Publication Date: 03/16/08

The U.S. Senate in a 71-29 vote last week rejected a proposal that would have ended the congressional tradition of asking for earmarks, a custom that critics say can lead to abuse and public outrage.

Remember the 2005 "bridge to nowhere" in Alaska? U.S. Sen. Ted Stevens, R-Alaska, wanted $200 million to build a bridge to an island with 50 inhabitants.

The project was canceled in 2007.

Despite the occasional kerfuffle, U.S. Rep. John Mica, R-Winter Park, said Friday that he's a "strong supporter" of congressional earmarks, also called pork-barrel spending, because legislators know what projects should be funded in their district.

"You have to make your case," Mica said about earmarks. "The money doesn't just appear."

Mica is the ranking Republican on the House Transportation & Infrastructure Committee and his district covers St. Johns, Flagler, Volusia, Putnam, Orange and Seminole counties.

In 2007, he requested $27.35 million in earmarks for six different companies in District 7. Of that, $11.3 million was ultimately appropriated.

Raydon Corporation of Daytona Beach, which manufactures up-armored Humvees, electronic tabletop trainers, mobile medical units and complex military communications equipment, among many other defense-oriented products, received the highest earmark request of $18.8 million.

Of the nine earmarks he requested, Raydon was for five of them.

But Raydon received considerably less, although Mica didn't know the precise figure.

"Raydon is the biggest manufacturer and employer in Volusia County, similar to what Northrop Grumman is to St. Johns," he said.

The second largest earmark was for Mathews Associates Inc. of Sanford, Fla. This battery-manufacturing company, joined with STIDD Systems Inc., of Greenport, N.Y., got an earmark request of $4.5 million to manufacture a diver propulsion device. STIDD makes submersible boats.

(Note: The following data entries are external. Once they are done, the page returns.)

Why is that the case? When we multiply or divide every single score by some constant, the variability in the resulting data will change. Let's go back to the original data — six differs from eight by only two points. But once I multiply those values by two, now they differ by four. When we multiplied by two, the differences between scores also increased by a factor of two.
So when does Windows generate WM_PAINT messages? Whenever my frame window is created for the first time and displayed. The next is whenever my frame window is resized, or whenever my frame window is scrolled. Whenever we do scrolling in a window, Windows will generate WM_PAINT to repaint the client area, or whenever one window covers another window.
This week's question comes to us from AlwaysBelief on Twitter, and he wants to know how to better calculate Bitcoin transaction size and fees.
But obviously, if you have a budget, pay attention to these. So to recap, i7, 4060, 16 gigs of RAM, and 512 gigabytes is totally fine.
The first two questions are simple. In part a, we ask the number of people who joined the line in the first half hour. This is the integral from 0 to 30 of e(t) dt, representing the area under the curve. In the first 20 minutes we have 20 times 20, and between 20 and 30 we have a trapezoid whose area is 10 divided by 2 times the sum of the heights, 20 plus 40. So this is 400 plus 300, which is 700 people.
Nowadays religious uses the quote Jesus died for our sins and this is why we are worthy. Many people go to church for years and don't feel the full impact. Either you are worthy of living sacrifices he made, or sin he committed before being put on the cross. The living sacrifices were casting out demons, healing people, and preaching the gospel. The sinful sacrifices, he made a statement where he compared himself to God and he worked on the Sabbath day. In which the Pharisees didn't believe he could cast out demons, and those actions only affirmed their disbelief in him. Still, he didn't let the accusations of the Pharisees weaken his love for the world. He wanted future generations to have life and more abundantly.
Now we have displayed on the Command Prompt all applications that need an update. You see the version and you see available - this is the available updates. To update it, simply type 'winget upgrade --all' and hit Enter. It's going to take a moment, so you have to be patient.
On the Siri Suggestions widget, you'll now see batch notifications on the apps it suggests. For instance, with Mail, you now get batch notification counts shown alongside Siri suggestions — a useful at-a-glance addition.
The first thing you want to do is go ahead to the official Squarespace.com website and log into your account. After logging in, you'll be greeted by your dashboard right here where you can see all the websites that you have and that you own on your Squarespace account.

The other three earmark requests, for Electronic Warfare Associates Inc. of Lake Mary, which makes communications and counter-terrorism equipment, Cubic Corp. of San Diego, Calif., which makes instrumented training systems for military forces and virtual training devices, and Ocean Design Inc. of Daytona shared requests of $4.15 million among them.

Final figures, though, are not available for each company.

Campaign contributions to Mica from 2001 to 2007 were a total of $158,375.

The largest contributor in 2007 was Harris Corp. of Melbourne, which makes secure wireless communications networks, and has offices worldwide, 16,000 employees and annual revenues of $5 billion. The company contributed $30,500, even though it received no earmarks that year. The company is building Mine Resistant Ambush-Protected vehicles and has been awarded a $42 million contract to build state-of-the-art radios for the Air Force.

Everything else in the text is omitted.